Bootleggers and Baptists: Animal Cruelty Edition [updated]

Unsurprisingly, pig farmers are using recent controversy in New Zealand over sow crates to argue for protection against international competition:

Blame imported pork for keeping sows in cramped stalls, say three Taranaki pig farmers.

The intensive farming practice of keeping breeding sows in stalls has been in the spotlight since TV1’s current affairs programme Sunday showed scenes filmed inside a Levin piggery.

But three of Taranaki’s 25 pig farmers say sow stalls are only one part of a very complex issue.

Taranaki District Pig Committee chairman Ted Gane said it was cheap imported pork, grown using sow stalls, that forced local farmers to use the same system to remain competitive.

“Currently 40 per cent of our meat comes from overseas and I can say that 100 per cent of that would come from sow stalls.” (…)

[Free-range Inglewood pig farmer Helen Foreman] believed without a duty or tax on imported pork, farmers raising pigs indoors would be hard-pressed to afford improvements because there was too much pressure to keep prices down. Free range organic Stratford pig farmer John Earley agreed money was what keeps sows in stalls and pigs in cramped pens.

“It’s all about money and it’s got nothing to do with livestock management. I farm pigs outside and keep six per hectare. That is what it takes if you want to grass feed them. Now you can get a lot of buildings on that much land.”

The paper from Bruce Yandle explaining it all is here.

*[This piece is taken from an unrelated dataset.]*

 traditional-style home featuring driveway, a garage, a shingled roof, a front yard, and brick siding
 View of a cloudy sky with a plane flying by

Update: Matt Nolan and Paul Walker share their thoughts. Update 2: Eric Crampton joins the discussion.

3 Responses

  1. […] Brad Taylor has an interesting post discussing how New Zealand pig farmers are using the issue of stall vs non-stall pigs as a way to increase protectionism in the New Zealand pork industry. […]

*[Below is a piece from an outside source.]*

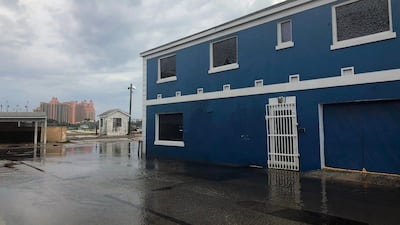 View of a flooded street with Atlantis resort in the background in Downtown, Nassau . AFP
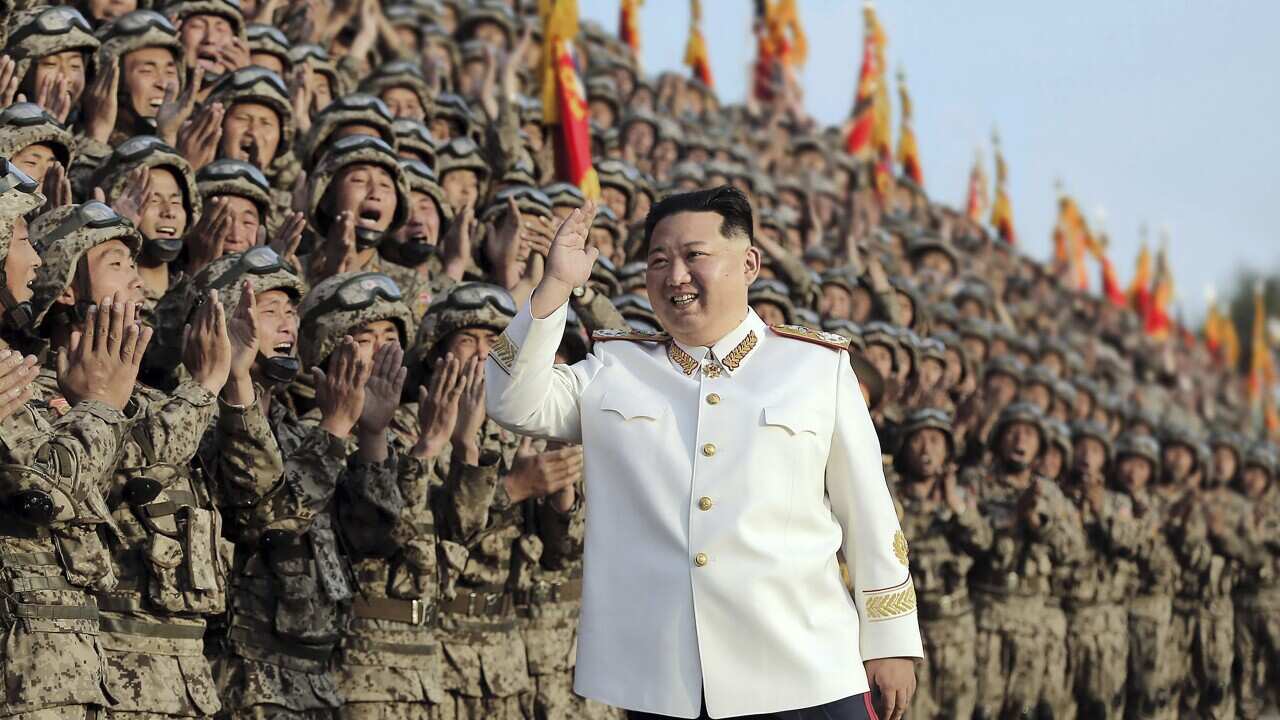 North Korean leader Kim Jong Un acknowledges the officers and soldiers who took part in a celebration the 90th founding anniversary of the Korean People's Revolutionary Army, in North Korea Wednesday, April 27, 2022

  2. “Blame imported pork for keeping sows in cramped stalls, say three Taranaki pig farmers.”

    Brad. I argue here that banning imports will not help pig welfare. If the use of stalls is profit maximising before a ban, it still is after a ban.

  3. […] press; the econ discussion subsequent to the popular outrage has been rather good, as noted below.]Brad Taylor points out that domestic pig farmers are making the best of some bad press by using the video in a […]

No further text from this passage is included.